*** PROVIDED MATERIAL ***

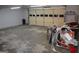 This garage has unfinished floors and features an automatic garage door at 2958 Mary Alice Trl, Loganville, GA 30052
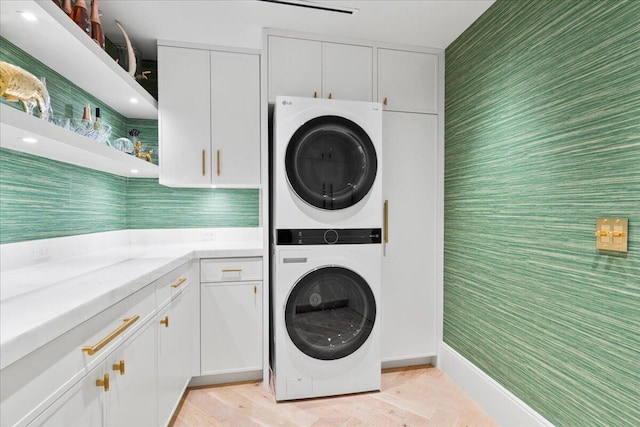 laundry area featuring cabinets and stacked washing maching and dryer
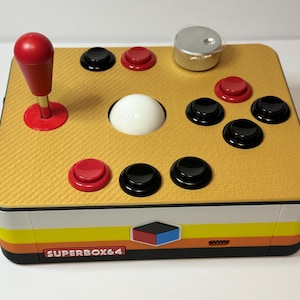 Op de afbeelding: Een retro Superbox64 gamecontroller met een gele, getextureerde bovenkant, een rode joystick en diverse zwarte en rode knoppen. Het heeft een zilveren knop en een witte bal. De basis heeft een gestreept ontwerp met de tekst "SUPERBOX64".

*** End of PROVIDED MATERIAL ***
*** PROVIDED MATERIAL ***

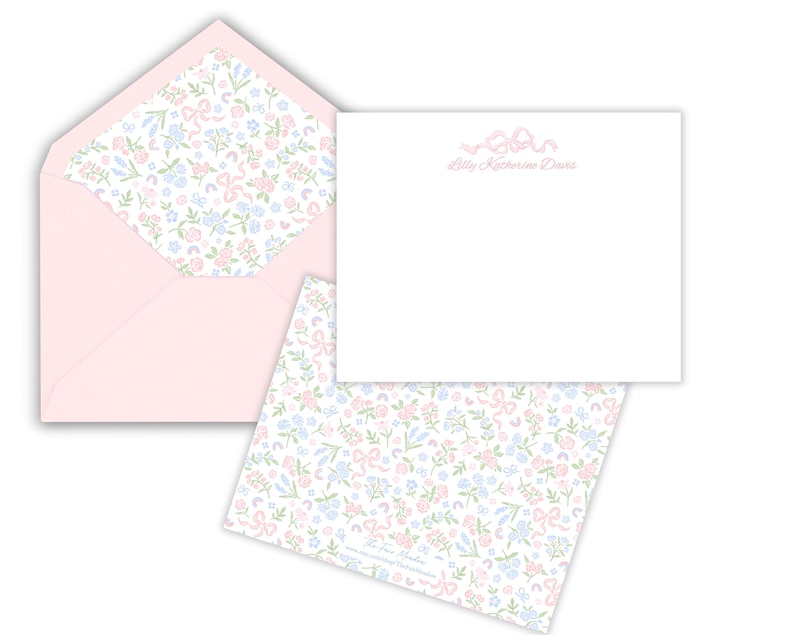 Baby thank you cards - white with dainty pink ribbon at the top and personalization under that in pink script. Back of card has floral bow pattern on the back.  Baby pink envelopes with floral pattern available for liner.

*** End of PROVIDED MATERIAL ***
*** PROVIDED MATERIAL ***

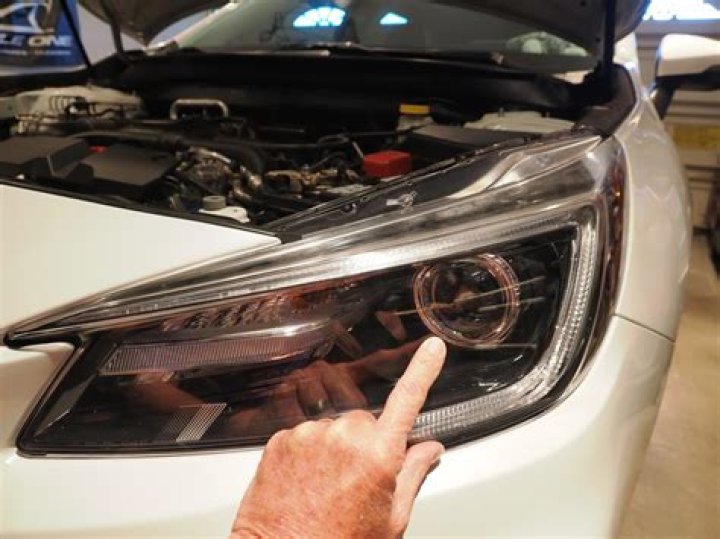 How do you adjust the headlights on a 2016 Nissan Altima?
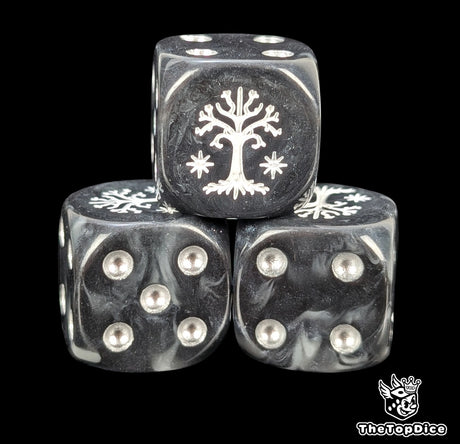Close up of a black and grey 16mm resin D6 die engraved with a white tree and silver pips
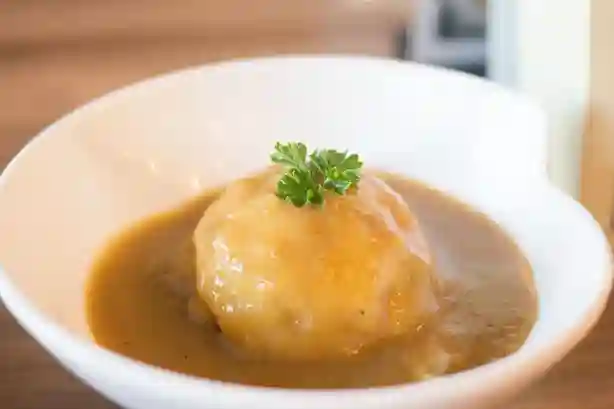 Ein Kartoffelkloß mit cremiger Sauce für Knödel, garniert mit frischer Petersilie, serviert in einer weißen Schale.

*** End of PROVIDED MATERIAL ***

WORK TASK. Above are the records. Copy only the lines from the one with "Close up of" through the one with "Ein Kartoffelkloß mit", exactly, with no pictures.

WORKED SOLUTION.
Close up of a black and grey 16mm resin D6 die engraved with a white tree and silver pips
 Ein Kartoffelkloß mit cremiger Sauce für Knödel, garniert mit frischer Petersilie, serviert in einer weißen Schale.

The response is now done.